Exercise directions: Please set down the data word for word; images do not go in the copy.

*****

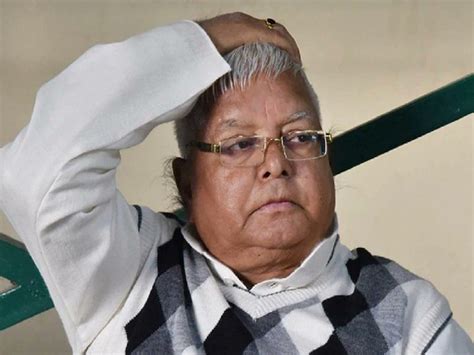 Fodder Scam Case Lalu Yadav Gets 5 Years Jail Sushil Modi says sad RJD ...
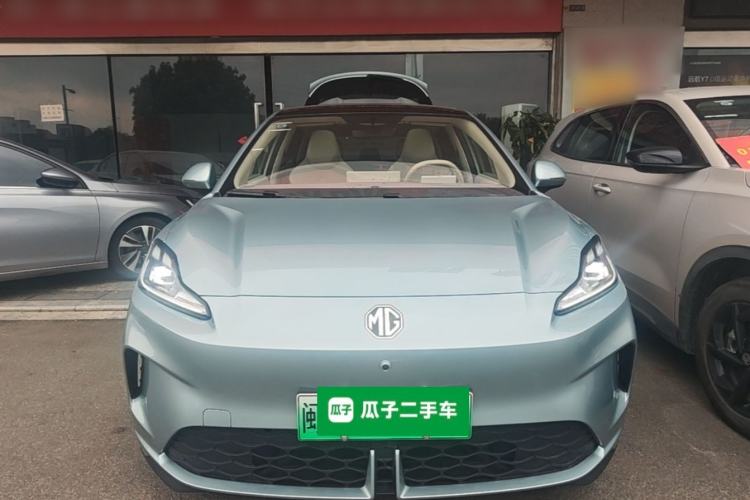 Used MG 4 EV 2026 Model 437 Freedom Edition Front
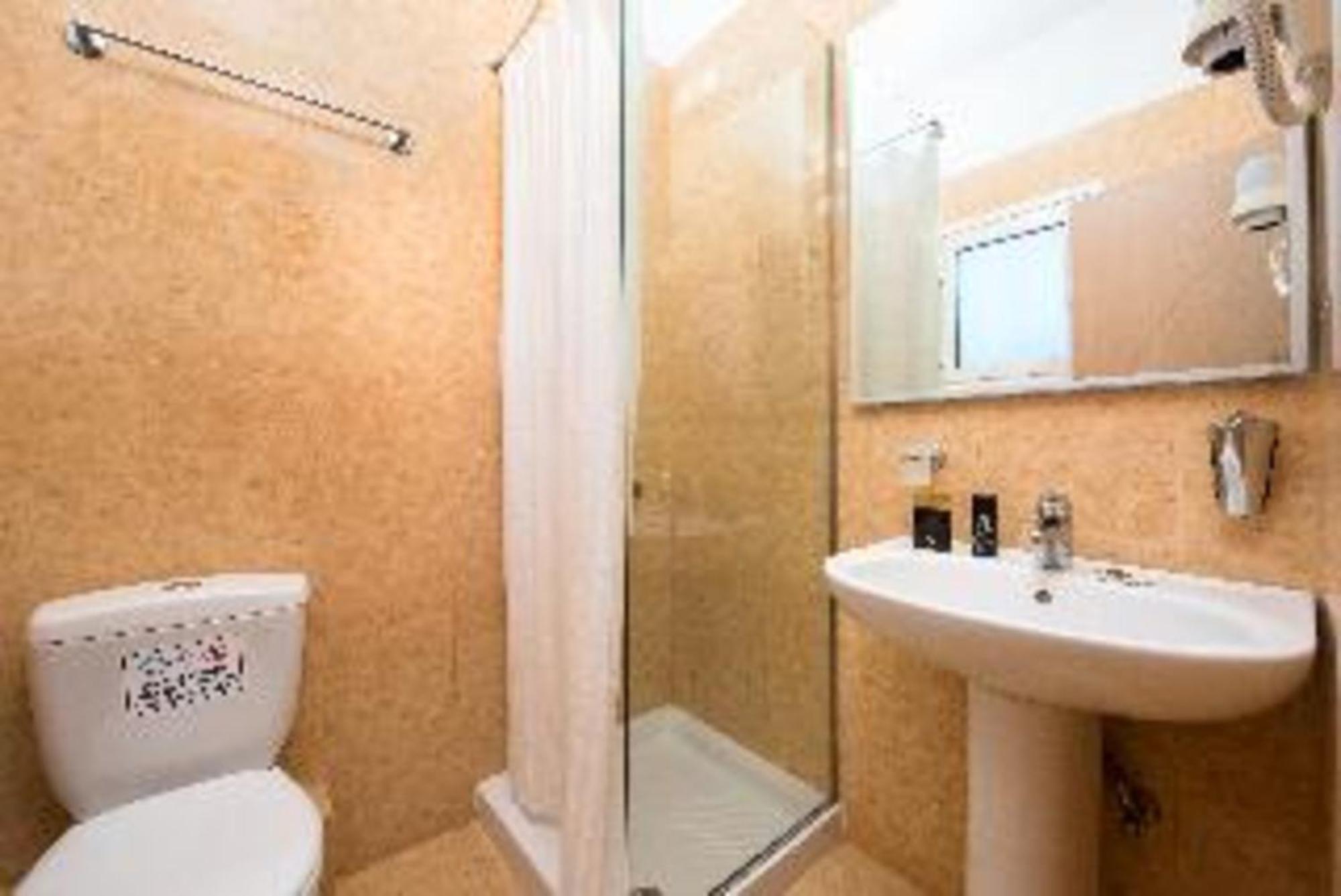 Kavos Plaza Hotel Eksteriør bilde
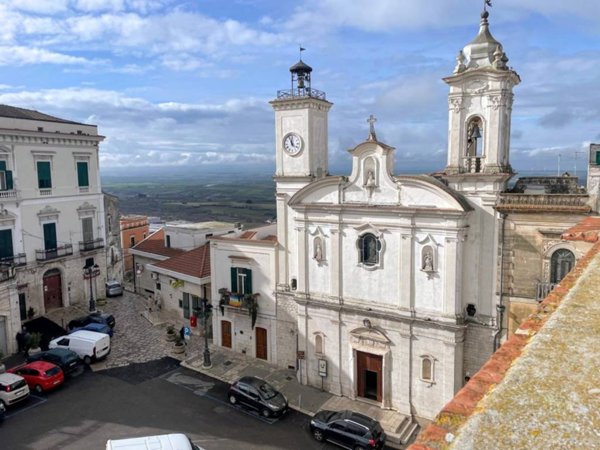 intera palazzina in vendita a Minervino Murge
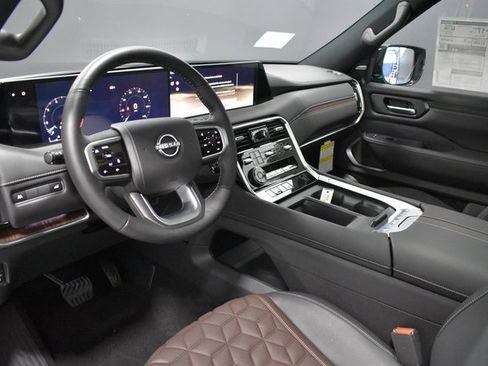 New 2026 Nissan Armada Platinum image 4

*****

Result below:
 Fodder Scam Case Lalu Yadav Gets 5 Years Jail Sushil Modi says sad RJD ...
 Used MG 4 EV 2026 Model 437 Freedom Edition Front
 Kavos Plaza Hotel Eksteriør bilde
 intera palazzina in vendita a Minervino Murge
 New 2026 Nissan Armada Platinum image 4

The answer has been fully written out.